■ GIVEN INFORMATION
------------------------------------------------
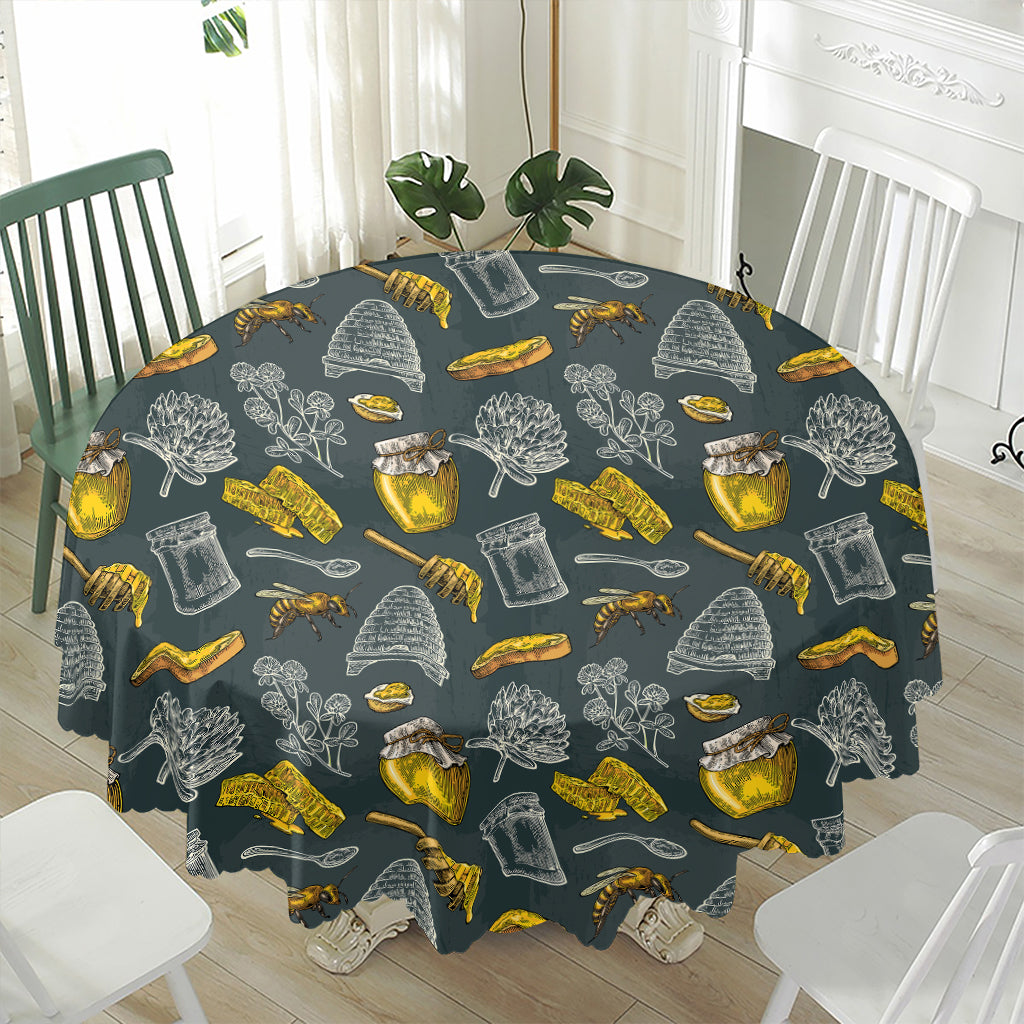 Vintage Honey Bee Print Waterproof Round Tablecloth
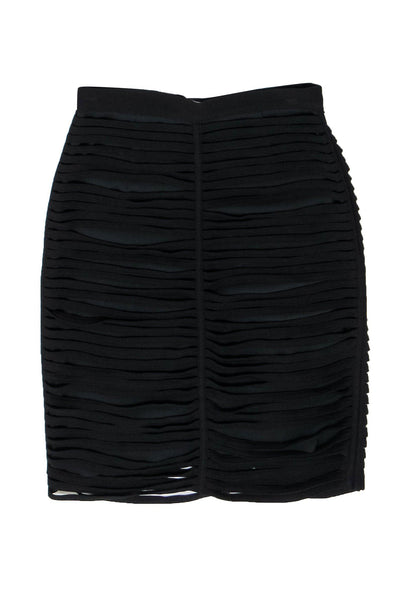 Current Boutique-Alexander Wang - Black Split Draped Pencil Skirt Sz 4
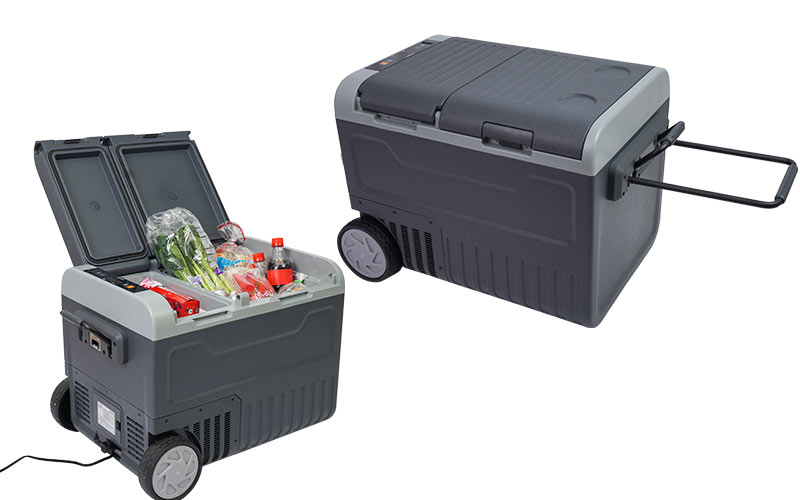 キャスター付き車載用2ドア冷凍冷蔵庫45L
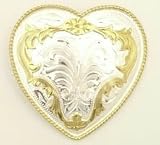 German Silver Heart Western Belt Buckle   3-1/4 x 3 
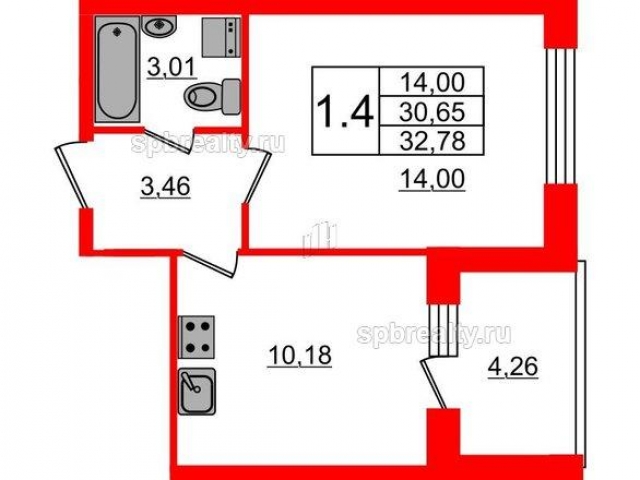 Планировка ЖК Фортеция. Жизнь на побережье, 14 м2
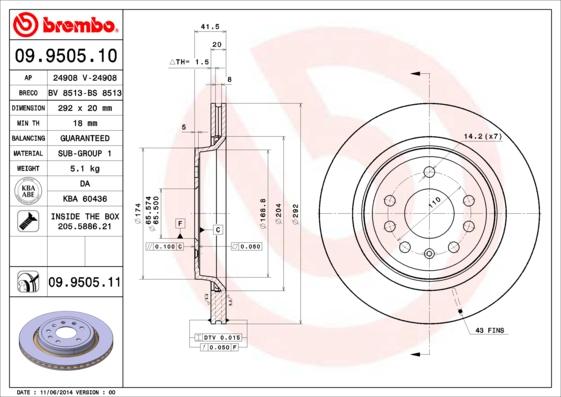 Brembo 09.9505.11 - Stabdžių diskas onlydrive.pro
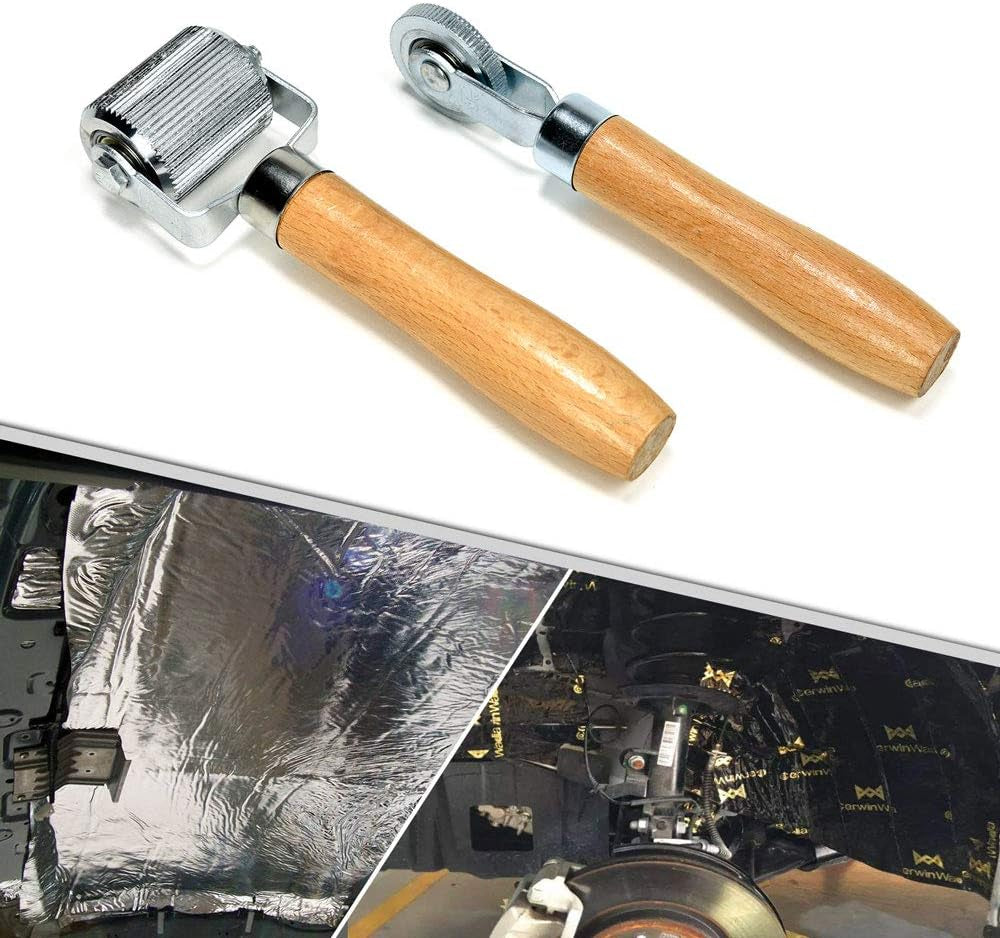 Car Sound Deadening Roller, 0.7Lb Extremely Smooth Sound Insulation Roller Metal, Noise Deadening Sound Deading Tool (2 PCS - 1.69 Inch/0.24 Inch)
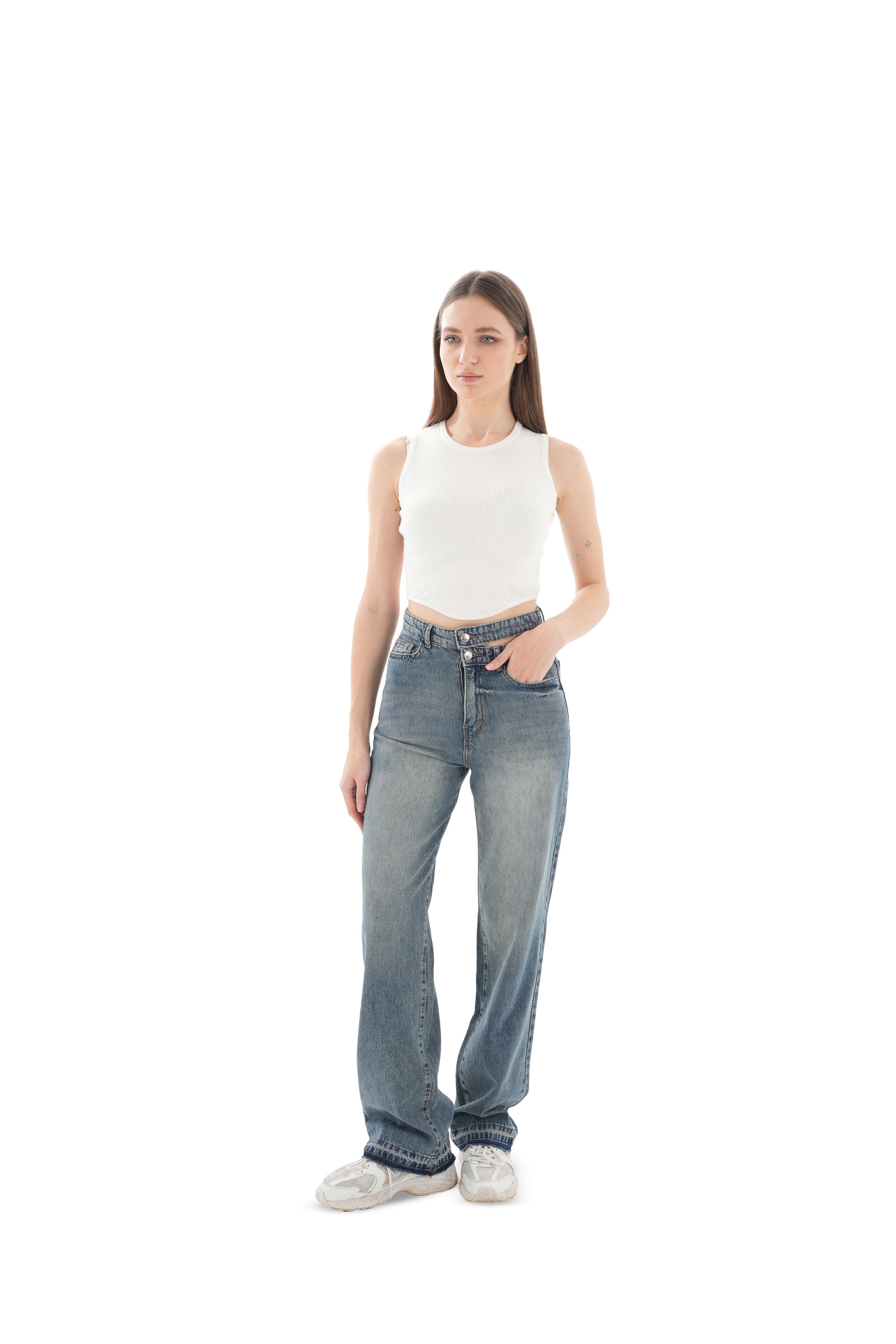 Double-Waist Dark Wash Straight Leg Jeans - Lioroucci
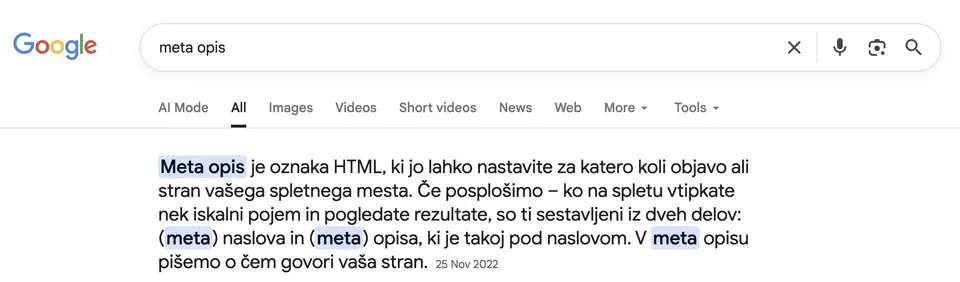 meta opis spletne strani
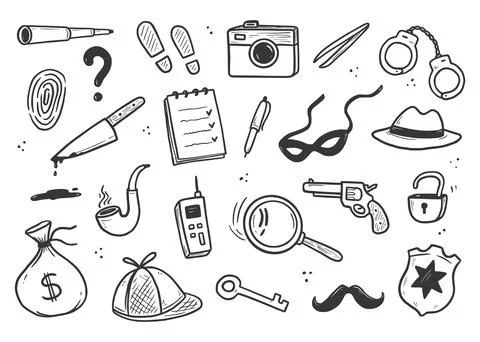 Detective doodle set. Hand drawn sketch Stock Illustration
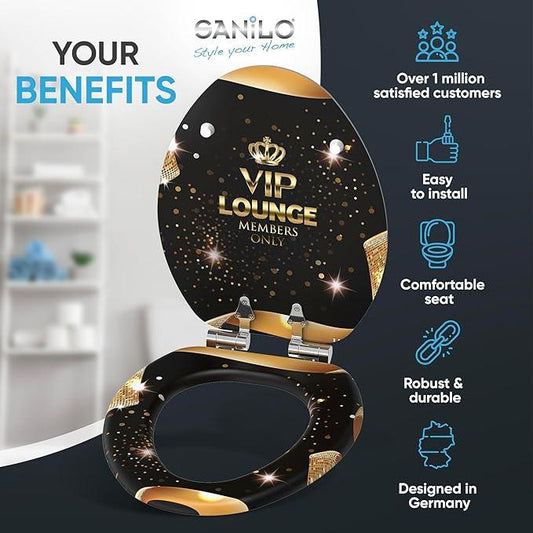 SANILO Wooden Toilet Seat with Soft Close [ELONGATED] - Decorative, Quiet & Slow Close Molded Wood Seat - With Strong Bumpers & Hinges - Adjustable Fit - VIP-Lounge - ModernBath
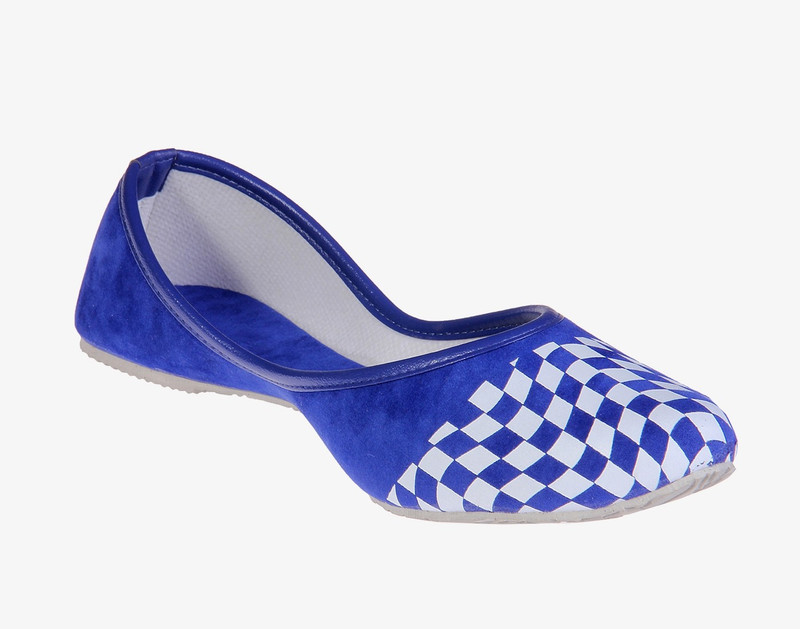 Goyal Blue Square Print Bellies For Women(Blue)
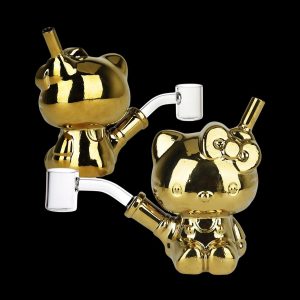 Hey There, Cat Electroplated Glass Dab Rig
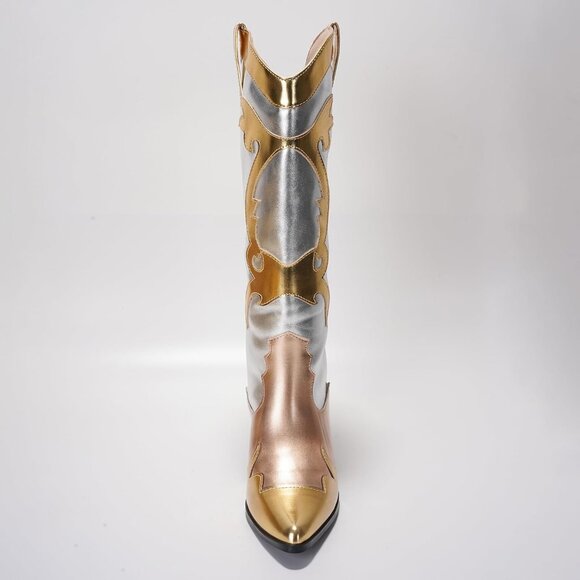 Women's Metallic Gold Mid Calf Western Pointed Toe Comfortable Heel Boots - Picture 5 of 8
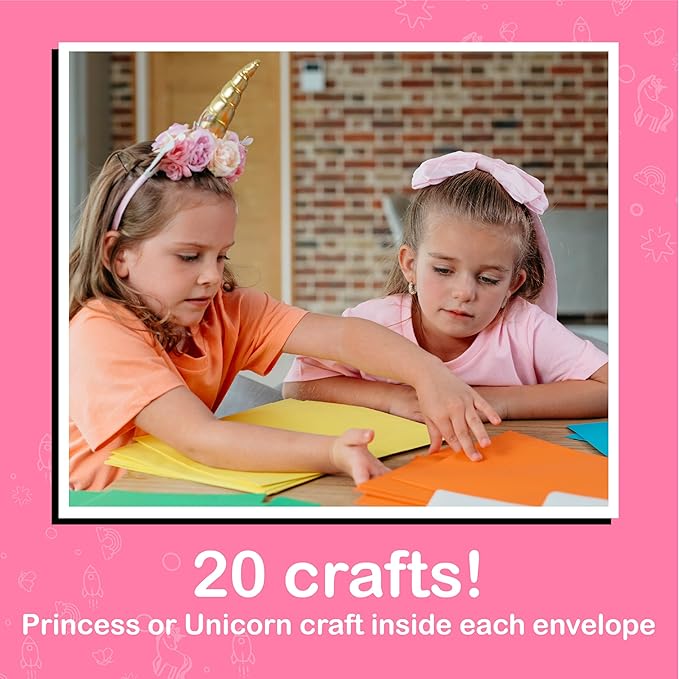 Craftikit® 20 Award-Winning Princess & Unicorn Crafts for Kids Ages 3-10 Years, All-Inclusive Toddler Arts and Craft Kits for Kids, Fun Toddler Craft Box for Girls in Preschool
------------------------------------------------
■ ACTIVITY
What the answer must hold: all the data above, given again exactly, without pictures.

■ ANSWER FOR THE TASK
 Vintage Honey Bee Print Waterproof Round Tablecloth
 Current Boutique-Alexander Wang - Black Split Draped Pencil Skirt Sz 4
 キャスター付き車載用2ドア冷凍冷蔵庫45L
 German Silver Heart Western Belt Buckle   3-1/4 x 3 
 Планировка ЖК Фортеция. Жизнь на побережье, 14 м2
 Brembo 09.9505.11 - Stabdžių diskas onlydrive.pro
 Car Sound Deadening Roller, 0.7Lb Extremely Smooth Sound Insulation Roller Metal, Noise Deadening Sound Deading Tool (2 PCS - 1.69 Inch/0.24 Inch)
 Double-Waist Dark Wash Straight Leg Jeans - Lioroucci
 meta opis spletne strani
 Detective doodle set. Hand drawn sketch Stock Illustration
 SANILO Wooden Toilet Seat with Soft Close [ELONGATED] - Decorative, Quiet & Slow Close Molded Wood Seat - With Strong Bumpers & Hinges - Adjustable Fit - VIP-Lounge - ModernBath
 Goyal Blue Square Print Bellies For Women(Blue)
 Hey There, Cat Electroplated Glass Dab Rig
 Women's Metallic Gold Mid Calf Western Pointed Toe Comfortable Heel Boots - Picture 5 of 8
 Craftikit® 20 Award-Winning Princess & Unicorn Crafts for Kids Ages 3-10 Years, All-Inclusive Toddler Arts and Craft Kits for Kids, Fun Toddler Craft Box for Girls in Preschool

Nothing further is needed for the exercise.